Hello, and welcome to Real Estate Reality Radio. The most important hour of radio every Friday from 9 to 10 on WBCB 1490 am. Thank you for joining us. For those of you who are new to the show I have spent the last 40 years in the real estate industry both as a realtor and a mortgage banker. The show is dedicated to dispelling the myths associated with Real Estate and finance in your marketplace.
Within every market there are obstacles and solutions on the path to tremendous opportunities. I believe that most people are looking for practical advice. Please feel free to call 215-740-8999 or visit peterbuchsbaum.com.
Please join us live on the web at www.wbcb1490.com or on your FREE app Tune In Radio from 9:00am to 10:00 am every Friday.
So last week we were in an open forum discussing many misconceptions.
This week the Real Estate News was all about the surge in prices slowing? Yes the increase from last month was 12.1%. That number however was the first month in over a year that did not surpass the prior month. Home prices are now at 2004 levels (23% below their 2006 peak. Many like me believe the slip in month over month gains is due to the interest rates rising too fast. I believe rates were too low to be sustainable but the sudden increase was too much too fast. Questions about the future of Fannie and Freddie. Henry Paulson was the Treasury Secretary at the beginning of the financial crises deemed the “Great Recession”. He has thrown in his thoughts recently about Fannie and Freddie. He believes that the reason it is so difficult to reform the two mortgage giants is because those with a vested interest carry a lot of weight politically and they perceive any change a challenge to their interests. He believes that their mission should be limited to first time homebuyers. He feels that if nothing is done we are at risk of creating a similar problem to what we just went through. Finally how the Federal Reserve can end the stimulus and not kill housing. Lately the biggest news in the stock and bond market (drivers of interest rates) has been not if but when the Federal reserve will stop buying bonds and mortgage backed securities. This speculation is the sole cause of the aforementioned dramatic rise in rates. Two economists from Northwestern University offered an idea at a conference recently. The idea was to stop buying treasuries and start selling old notes. Continue to buy mortgage backed securities while selling older securities. The thought is that this will not push rates higher. Time will tell.
Today Eddie and I are on our own to discuss the new normal in your marketplace.
Please join us live at www.wbcb1490.com for the open discussion about what’s next in your marketplace.

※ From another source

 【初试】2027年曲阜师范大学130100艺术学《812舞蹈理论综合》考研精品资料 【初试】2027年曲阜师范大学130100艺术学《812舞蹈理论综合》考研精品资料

In combination with CBS and WPHT 1210 am we have also been fortunate enough to have been asked to write some articles in “Local Living Magazine” to explore some of the questions you all ask us and the answers we provide. Look for your latest issue this month. For a FREE subscription please email us.
Each week we discuss the myths of the mortgage market. It is not about rate. A higher rate with no mortgage insurance may provide a lower payment.